Segment Start: Data shown

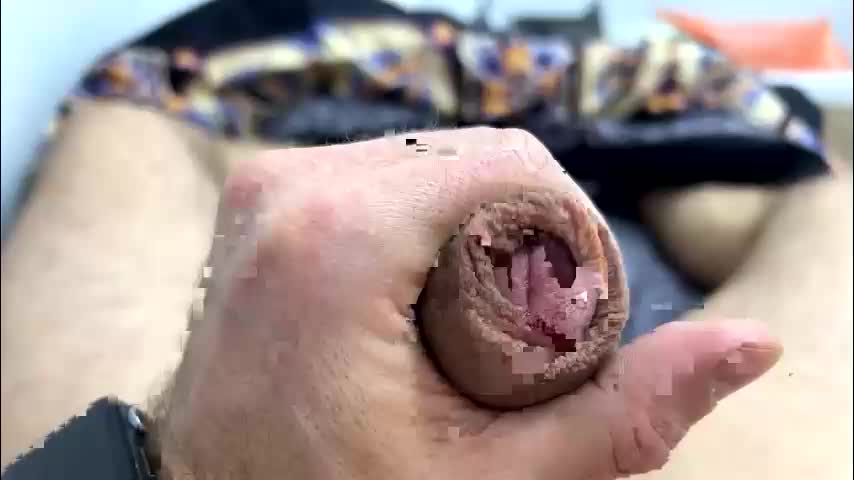 shtirlec86 Cam Model Chat January 28, 2026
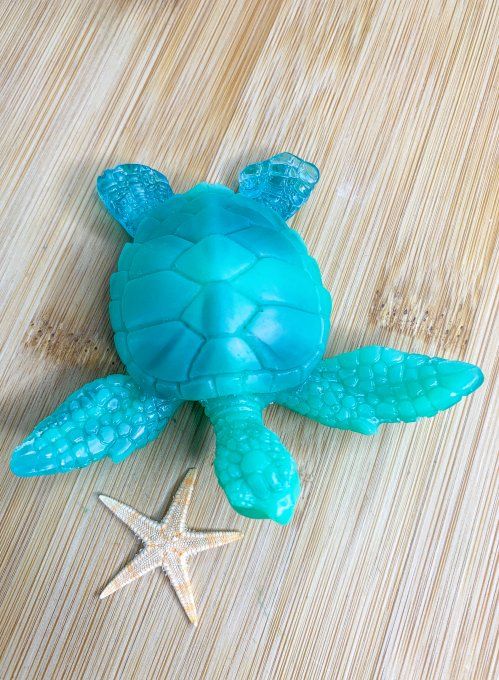 Tortue avec différents turquoises 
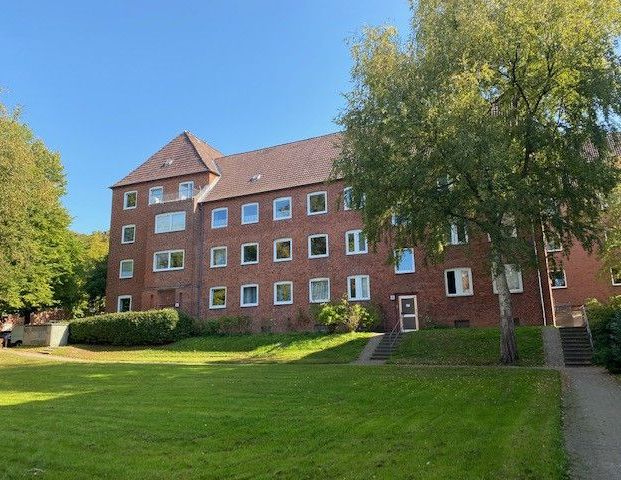 Modernisierte 2 Zimmer Wohnung zu vermieten! - Foto 1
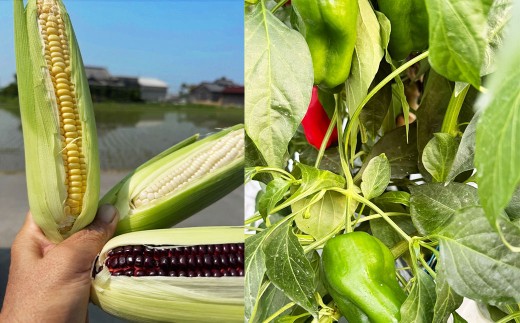 A322 アッキーファームの旬の野菜詰合せ福袋 （野菜3種） 詰め合わせ セット 季節 旬 お楽しみ 野菜 やさい なす トマト ミニトマト ピーマン ブロッコリー とうもろこし レタス カリフラワー 冷蔵 福岡県産 国産 福岡県 みやま市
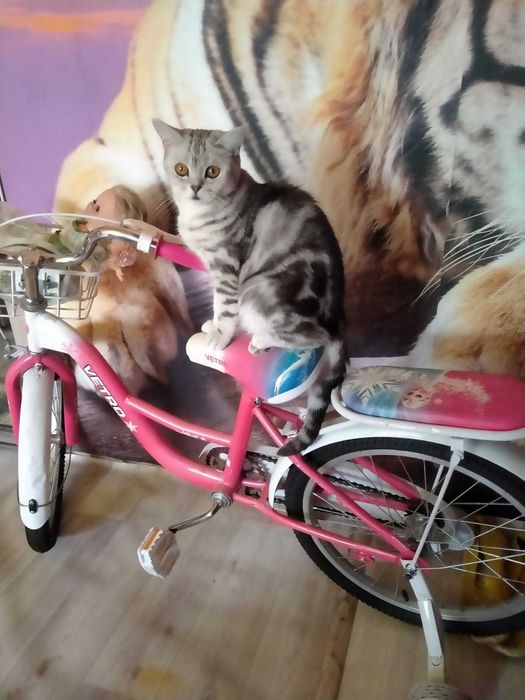 Новый велосипед детский для девочки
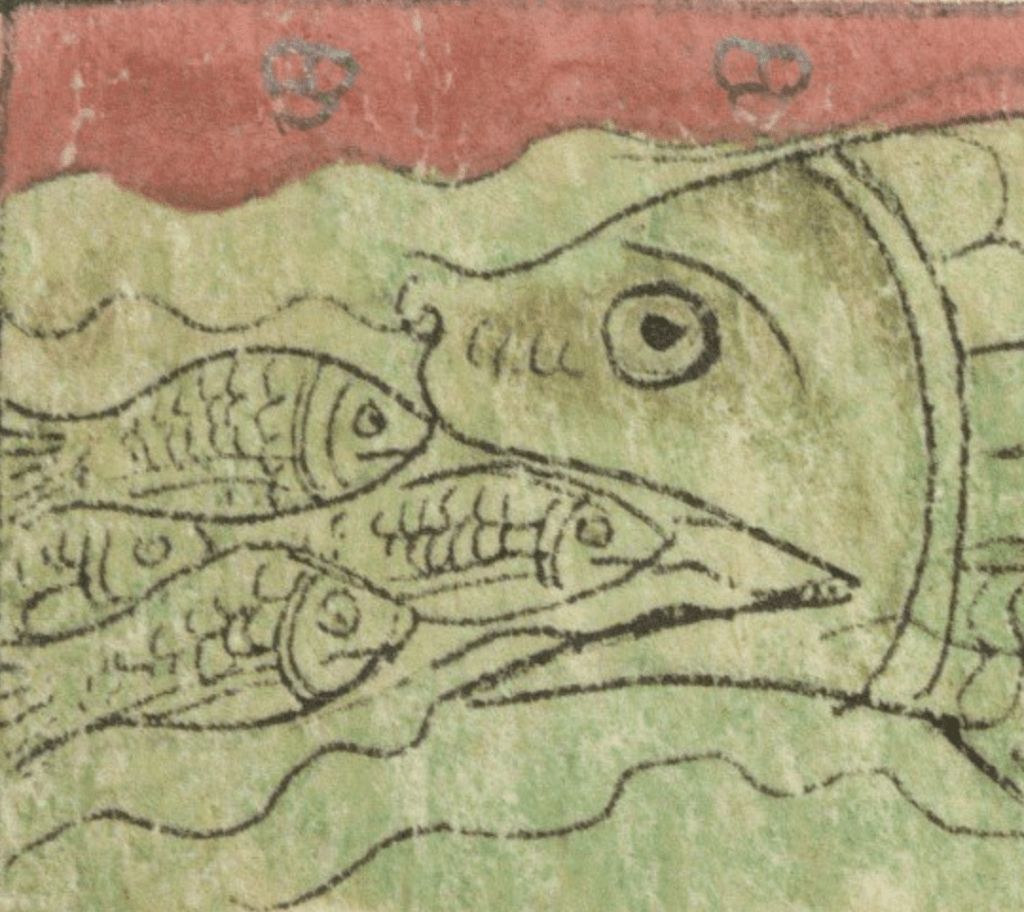 Medieval manuscript image of a large fish with a gaping mouth about to swallow three unwitting smaller fish who are swimming right towards it.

Segment End: Data shown

=== Task to carry out ===
An exact copy is needed of only the lines from the top of the material through the line with "Новый велосипед детский для девочки"; no pictures belong in it.

=== Solution for this exercise ===
 shtirlec86 Cam Model Chat January 28, 2026
 Tortue avec différents turquoises 
 Modernisierte 2 Zimmer Wohnung zu vermieten! - Foto 1
 A322 アッキーファームの旬の野菜詰合せ福袋 （野菜3種） 詰め合わせ セット 季節 旬 お楽しみ 野菜 やさい なす トマト ミニトマト ピーマン ブロッコリー とうもろこし レタス カリフラワー 冷蔵 福岡県産 国産 福岡県 みやま市
 Новый велосипед детский для девочки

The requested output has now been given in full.